Data Scientists have become the “HTML programmers” of the tech bubble.

My advice: take a pay cut and pivot to becoming a business analyst or something.

2 comments

Yea, I feel like "Data Science" was always a Zero Percent Interest phenomenon. It's the software company version of Dogecoin or GameStop or AMC. If you've got free money, why not throw 10mil at the moonshot of discovering a diamond in the rough of your data that revolutionizes your business.

For the last 10 years, every data team I've been adjacent to has had a near infinite budget, hired more people than the rest of the company combined, had an abundance of "scientists" for whom any sort of data process, version control, scientific method, or cost controls were never part of the equation. It really doesn't surprise me that companies have decided they're not throwing good money after bad.

There's absolutely good work to be done in Data, but it requires people who know what they're doing, and not just "here's 10 years of postgresql databases.

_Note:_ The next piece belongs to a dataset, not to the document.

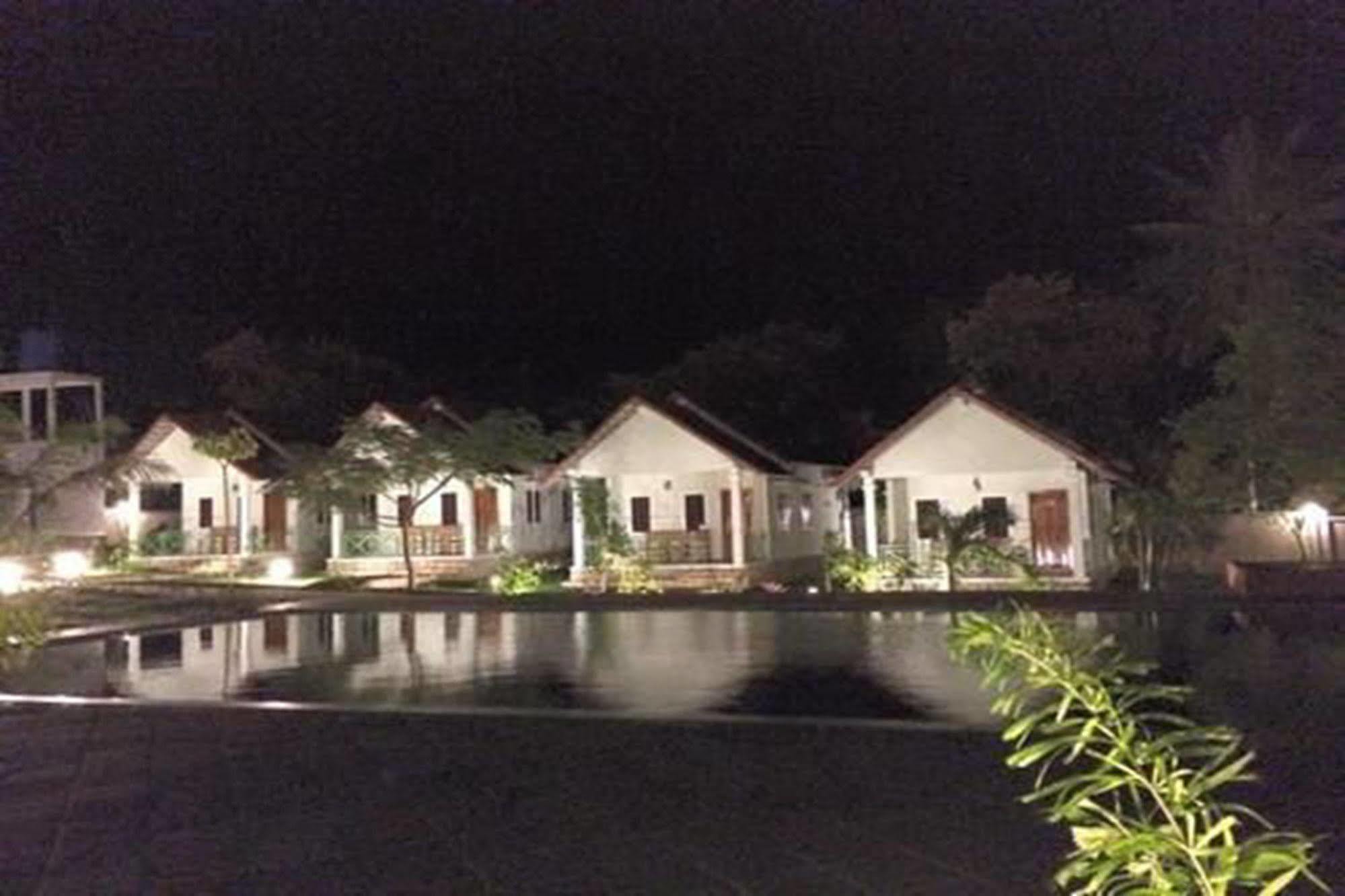 Kep Bungalows Zewnętrze zdjęcie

I dunno, find us 10% profit somewhere in it". There's not many companies that really have the data or personnel to make it happen.

I think that’s a bit harsh – but only so much, as I’ve had to explain basic stats literacy to several consultants – but there’s a common factor to many “AI” initiatives: some executives really want to be able to tell their buddies that they’re doing amazing things, and often believe there are huge untapped opportunities to make or save money which all of the employees they don’t trust haven’t mentioned.

In reality, of course, there probably just isn’t that much money at play so the high-budget approach is unlikely to break even, and more critically it’s unlikely that people are prepared to change how the organization makes decisions. I’ve known some people who worked for places where they had data showing solid improvements but it either hit politics or was simply small enough that their executives didn’t want to go with it because it wasn’t the magnitude they’d promised to justify the data science program.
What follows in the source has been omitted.